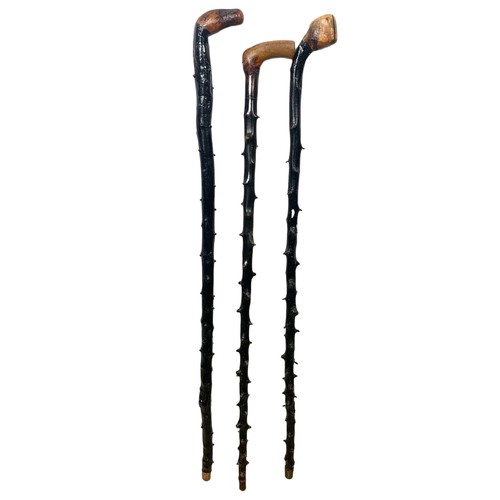 160L - Quantity of Edwardian and vintage walking sticks and umbrellas. 3 Black Thorns, 3 Edwardian umbrella... 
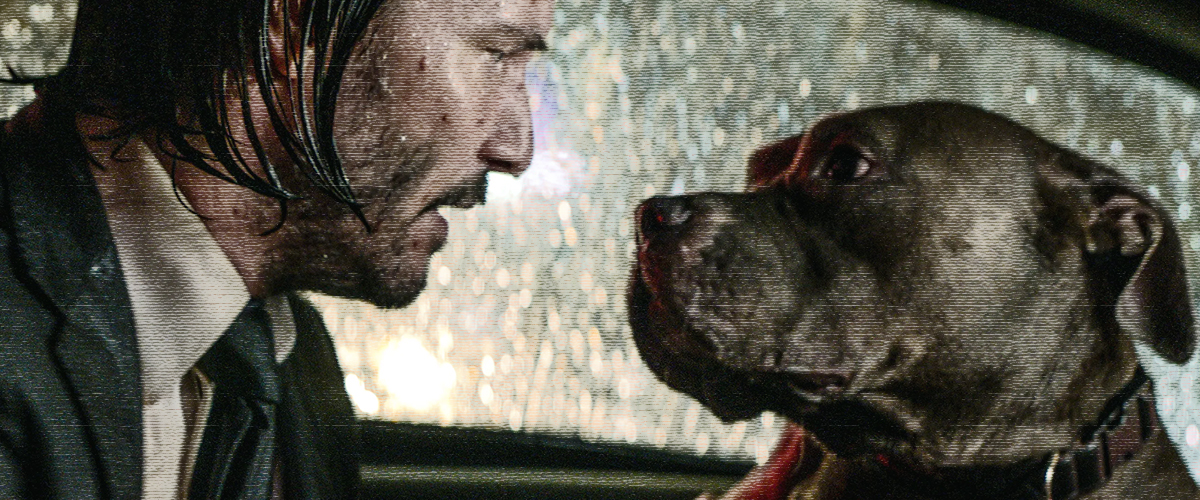 Leash Law & Order: The Six Best Pet Parents in Crime Fiction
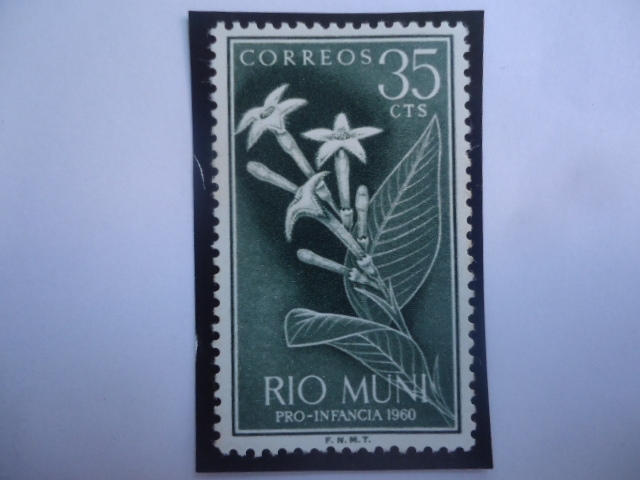 Ed:ES-RM 12 - Planta Quina Quina - Río Muni, Español - Región Continental de Guinea Ec. - Pro-Infanc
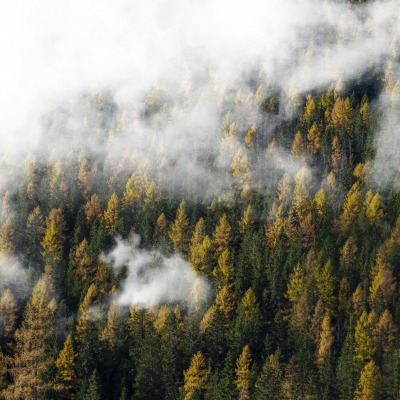 лес туман облака высота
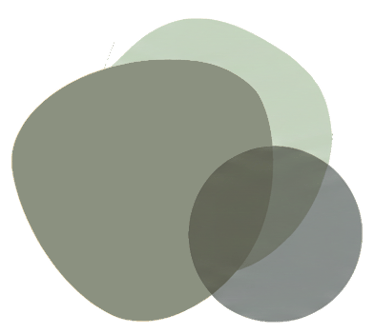 Coherencia Bio-Emocional logo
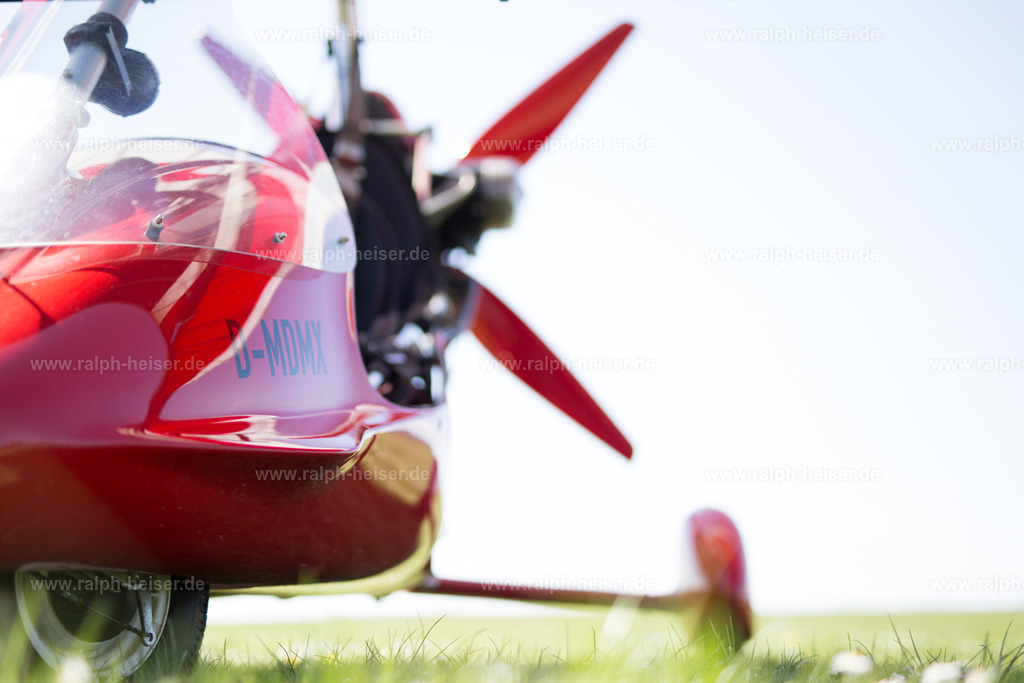 IMG_4837 | Wandbilder, Bilder, Fotograf in Marburg, Tierbilder, Wandfotos, Bilder Shop, Günstige Bilder, Schwarz-Weiß Bilder, Ralph Heiser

Assignment ::
Leaving out the pictures, repeat the data above exactly.

Solution to this exercise ::
 160L - Quantity of Edwardian and vintage walking sticks and umbrellas. 3 Black Thorns, 3 Edwardian umbrella... 
 Leash Law & Order: The Six Best Pet Parents in Crime Fiction
 Ed:ES-RM 12 - Planta Quina Quina - Río Muni, Español - Región Continental de Guinea Ec. - Pro-Infanc
 лес туман облака высота
 Coherencia Bio-Emocional logo
 IMG_4837 | Wandbilder, Bilder, Fotograf in Marburg, Tierbilder, Wandfotos, Bilder Shop, Günstige Bilder, Schwarz-Weiß Bilder, Ralph Heiser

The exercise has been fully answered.